Но если мы заранее согласны с тем, что ничего не будет, значит, ничего и не будет. Конечно, практический опыт и здравый расчет подталкивают к невеселым выводам и скептическим прогнозам. Но кто же в истории опирается на данности? Кто же действует с оглядкой на социологию? С оглядкой вообще не действуют, а только прячутся по избам. А если действуют, то с твердой верой, что вопреки всему у нас – получится. По крайней мере, может получиться; надо пробовать. Вообще, весь опыт человечества нам говорит: удавалось в мире только невозможное. Не могли дикие племена стать народом Израиля. Не могло христианство восторжествовать в языческом мире.
Снизим планку, посмотрим на политику.
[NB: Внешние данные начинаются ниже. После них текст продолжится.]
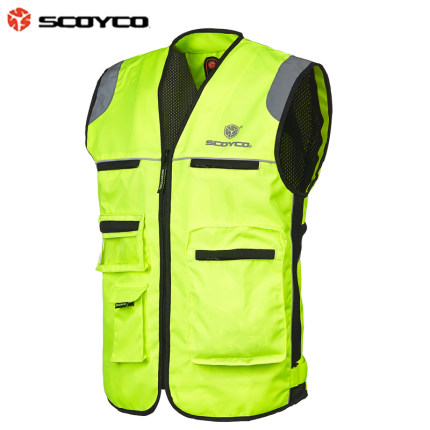 赛羽反光服摩托车反光马甲背心骑士春夏季夜间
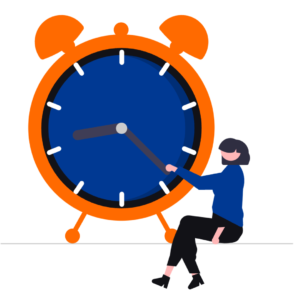 illustration with a person and a clock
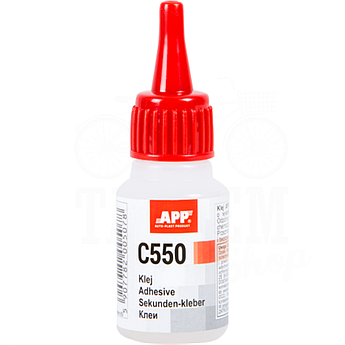 Клей ціаново-акриловий для склеювання гуми та пластмаси APP C550, 20 мл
Не могли шведы справиться с тотальным пьянством и разложением страны в конце 19 – начале 20 века. Треть населения, практически все трезвенники, эмигрировали. Оставшиеся деградировали. Церковь нищенствовала и не имела авторитета. Но ведь взяли – и поверили в себя. Поверив, нашли возможным объединиться в добровольные общества трезвости вокруг приходов, договориться, что государство выдаст церкви гранты на работу с бедными и пьяными. А значит, безо всякого найма и огосударствления даст ей источник независимого существования. И – вытащили себя за волосы из болота, как советовал великий барон Мюнхгаузен.
Не было шансов у испанцев стать современными испанцами. Не было у итальянцев середины 70-х возможности избавиться от власти мафии и хаоса красных бригад. Не было у немцев ни малейшей перспективы превратиться в самую упорядоченную демократию Европы… И так далее.
Но как только произносишь это, натыкаешься на однотипное уныние. Да ить оно как? у немцев были американцы. У испанцев король. У итальянцев… у них тоже что-нибудь наверняка было. А у нас ничегошеньки нет. Ни американского приказа. Ни испанского короля. Ни итальянского драйва.
Насчет приказов: хорошо, что их нет. Насчет короля: сказал бы кто-нибудь лет пятьдесят назад, что испанская монархия необходимое условие для перехода к полноценной демократии; засмеяли бы. Значит, дело не только в короле, с которым, разумеется, Испании очень повезло. Но и в том, что король принял на себя роль гаранта перемен немонархического свойства. То есть – совершил нечто, что считалось невозможным. А только невозможное в истории осуществляется. Когда же мы в очередной раз начинаем вздыхать: вот у нас, бедных, нет ничего, а у них, богатых, есть все, и король, и приказ, и энергия, то вспоминается гениальная формула одного маленького позднесоветского мальчика, который, пообщавшись с американскими сверстниками, философически заметил: нет иностранца, у которого ничего нет.
Так вот, смиреннейшая просьба к новому Святейшему. Понятно, что Ваше главное дело – вера в Бога. Но и вера в человека – тоже Ваше дело. Вера в то, что страна наша может изменяться к лучшему. Вера в то, что силы появляются в процессе работы над собой. Вера в то, что еще не поздно очнуться и начать восстановление себя, своей самобытной свободы и своей разветвленной культуры. Что любые комплексы побеждаются надеждой и трудом. Включая комплекс изгоя, ощущающего себя загнанным в угол и желающего всем доказать, что он уже большой.
Поговорите с людьми, не только религиозными, о том, что без этой веры нам никуда. Вдохните в них воздух творчества. Подайте пример неиссякающего упования. И люди ответят. Они отзовутся. Просто никто с ними про трезвое счастье исторической работы давно уже не говорил.
А после этого мы сможем обратиться к Президенту и Премьеру с просьбой провести еще одну реформу русского языка. Издать совместный указ о запрете к общему употреблению двух неприличных слов. НИКОГДА и НАВСЕГДА. Чтобы навсегда лишить себя возможности ссылаться на силу исторической привычки и толковать про то, что в России ничего не будет никогда.